It's strange how some people in a forum for an inherently technical activity seem to have so little respect for technical professionals. The engineers developed the motor and drive unit range, within budgetary limits approved by management in response to professionally developed financial requests. That's how the real world works; to assume that engineers are helpless idiots following whatever technical direction comes from some executive is insulting.

It's also interesting how in this discussion there are two completely opposite ideas of best practice, both supported by reference to Tesla. Either a minimum of different motors or a bespoke motor for every model and variant is right, but either way someone thinks that is what Tesla does. 

In fact Tesla only builds two models (with two body variants of each one), and they are from different generations (several years apart), so it's hard to tell what their idea of best practice might be.


----------



## brian_ (Feb 7, 2017)

remy_martian said:


> Anyone have the PDF to that paper that they can PM to me?


Not me - I've only read the abstract. You could try a local university with an engineering faculty - they often have SAE publications, and some allow the public to use their resources within the library. Of course, that won't get you a PDF copy, for which you would legally need to pay.


----------



## brian_ (Feb 7, 2017)

remy_martian said:


> More interesting to me is the steering rear wheels on the new eHummer. Seems to have a lot more angular compliance than the rear steer in my GMC. There's around a 2HP motor back there in mine to move the wheels....range sucker.


The power challenge with steering is turning while stationary (or nearly so). In normal driving, average power consumption is minimal, both because they don't turn much and because little force is required to steer a rolling tire.

I think that the independent suspension which logically appears in any AWD EV leads to easy implementation of four wheel steering, and that feature has appeal in the off-road market so it was included. With rear steering in the original design, greater steering angle can be accommodated than in the retrofit of rear steering to an existing platform (such as the Quadrasteer GMC). The rear steer motor won't likely actually run very often in practical use, even though it does have real value in many situations.


----------



## remy_martian (Feb 4, 2019)

brian_ said:


> It's strange how some people in a forum for an inherently technical activity seem to have so little respect for technical professionals. The engineers developed the motor and drive unit range, within budgetary limits approved by management in response to professionally developed financial requests. That's how the real world works; to assume that engineers are helpless idiots following whatever technical direction comes from some executive is insulting.

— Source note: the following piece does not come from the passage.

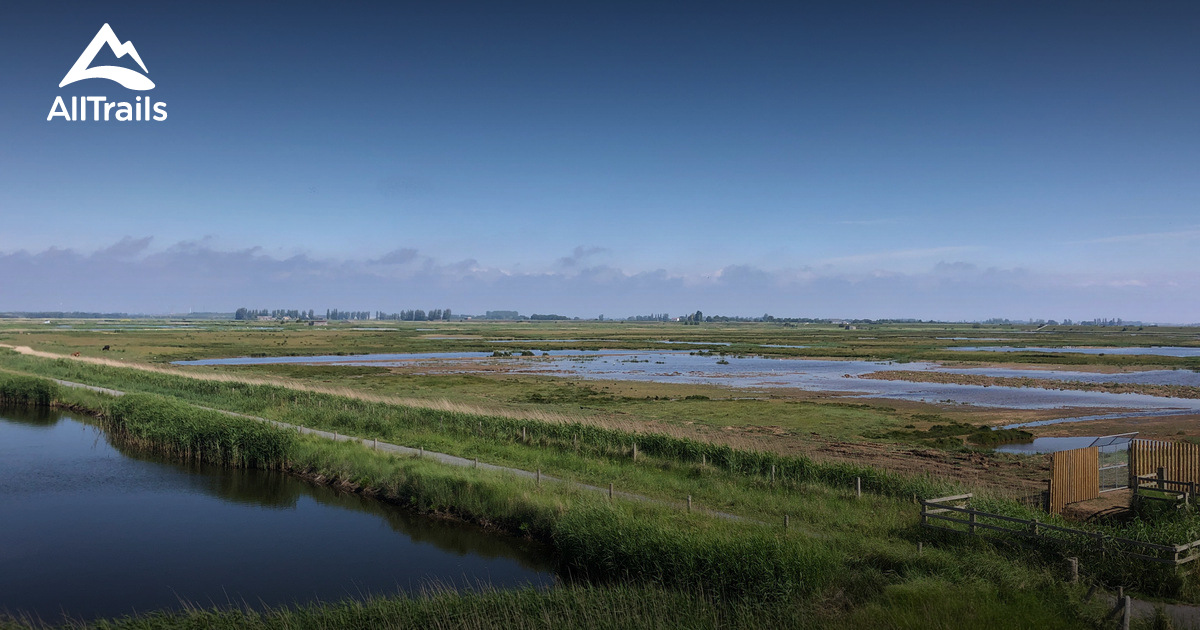 Best hikes and trails in Frampton Marsh Nature Reserve | AllTrails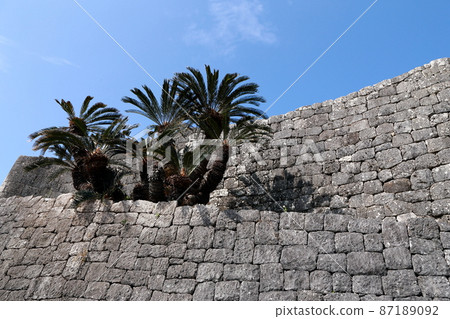 Okinawa castle Blue sky and cycads that shine on the walls Okinawa castle Blue sky and cycads that shine on the walls 87189092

As a tech professional, I don't have to "respect" my peers. 

You, evidently, have never worked in/with a large American, Korean, or Japanese corporation. Worker bees have almost zero say in the big picture.

GM is seems to be on a "building blocks" kick. Its "platform" pitch by Bob Lutz locked the company into the Volt abomination, when Cadillac could have buried Tesla and its Model S with an all-electric ELR. Now it has this "ultium" ultimatum.

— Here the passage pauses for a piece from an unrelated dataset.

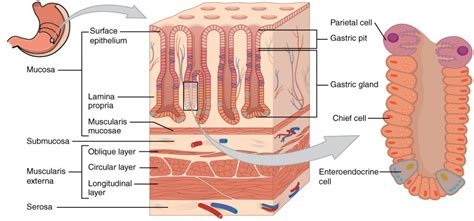 The Stomach | Anatomy and Physiology II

Large corporations can be pretty FUBAR. 

Its engineers are not only idiots, to use your framework, but their voices are suppressed by the career-politicians we call "management." In many large companies, engineers are given TASKS by marketing or product planners. Yes, engineers get to work on high technology content, but they get next to zero input on strategy or architecture. You call that idiocy - fine.

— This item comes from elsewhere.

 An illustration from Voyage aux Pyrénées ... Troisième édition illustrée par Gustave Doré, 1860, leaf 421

I'd also put out the strawman that if engineers weren't helpless idiots, there wouldn't be any advanced weapons for psychopaths to exercise power with.


----------



## brian_ (Feb 7, 2017)

remy_martian said:


> You, evidently, have never worked in/with a large American, Korean, or Japanese corporation. Worker bees have almost zero say in the big picture.


Actually, I worked for a quarter-century for a major North American company in technical positions. We defined the technology, within regulatory and budgetary constraints and limited by what executives could be convinced of... with some inappropriate middle-management interference, of course. No, I will not name the company.


----------



## remy_martian (Feb 4, 2019)

"North American", eh? 🤓

Canadian is not American by any sense of the imagination. 

School system in Canuckistan being superior may be one explanation.

You'd think it would be the same, but not even close in my experience.


----------



## P.S.Mangelsdorf (Dec 1, 2014)

brian_ said:


> Only three motors - one of which is an assist unit that is probably quite low-powered - doesn't seem like much variation for the company's entire product range.


From what I have seen of GM's product planning they are intending to only have something like 3 EV and 3 ICE platforms (car, truck, crossover, maybe a 7th for Corvette only) that will underpin everything. Wheelbase and width will stretch and shrink as needed to fit the body.


----------